Rachel Combie, the agency's director of strategic marketing, told Insider that it was too early to tell what damage the riots have had on the reputation Manchester and the UK internationally, but said the city now needs to build on the strong showing of community spirit that has been demonstrated since.
"We'll be engaging with businesses and residents and asking them to support a campaign that really will show this country – and the world – that Manchester isn’t going to take this lying down," she said.
"One of the iconic images of the clean-up day was the number of people wearing the 'I Love MCR' t-shirts and having similar slogans painted on their faces. It's that message of defiance that we want to get across to the wider community.
"We want people to show they are proud of their city and are united against the minority who caused the trouble."
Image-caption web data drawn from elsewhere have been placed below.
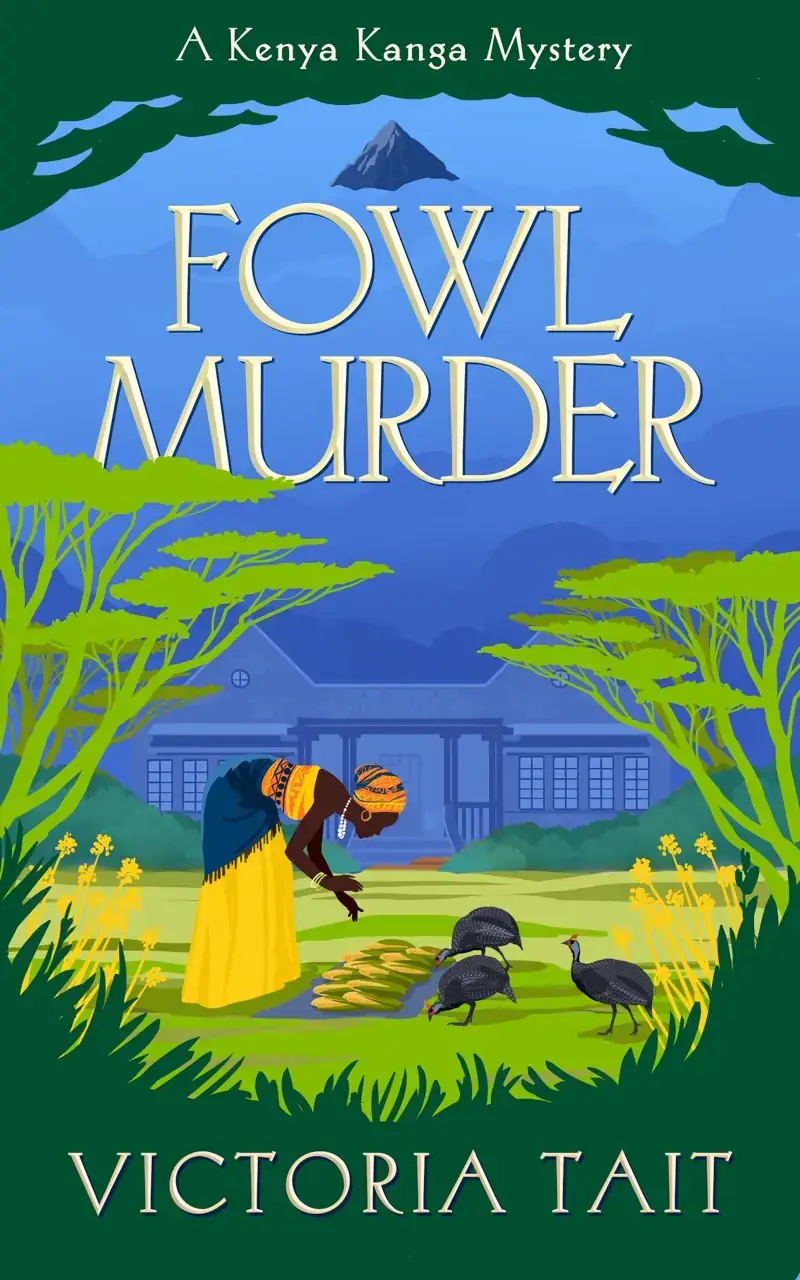 Fowl Murder: A Kenya Wildlife Cozy Mystery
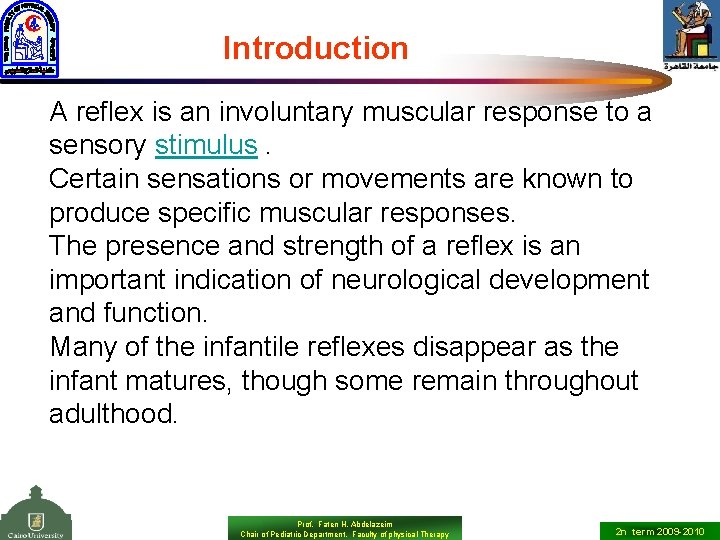 Introduction A reflex is an involuntary muscular response to a sensory stimulus. Certain sensations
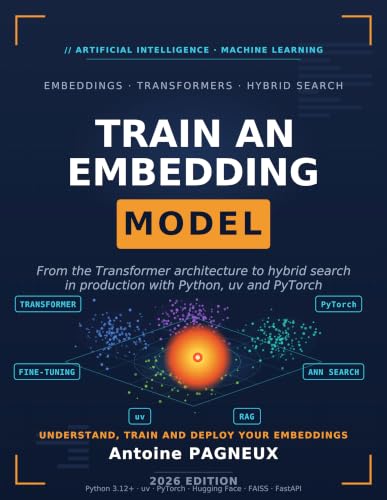 Train an Embedding Model: From the Transformer Architecture to Hybrid Search in Production with...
Marketing Manchester has set up a Facebook group called 'We Love MCR' where people can suggest ways to show their love for the city. The agency is hoping to get as many people as possible to 'Like' the group and spread the message worldwide.
Computer screensavers and Twibbons – used to promote specific causes or events on Twitter – will also be employed as part of the social media campaign.
Combie added that Marketing Manchester is working in partnership with the Arndale Centre to set up a stall in the shopping mall from next week. It will sell 'I Love MCR' branded products, which are currently available in the Manchester Visitor Information Centre on Portland Street and online.
She said the culmination of the events will be a 'We Love MCR day' in two weeks' time. Businesses will be asked to let staff wear 'I Love MCR' t-shirts to work to show their support.
"The trouble isn’t what this city is about and isn’t what we want to be known for," added Combie. "We hope as many people as possible will join with us and show their love for Manchester."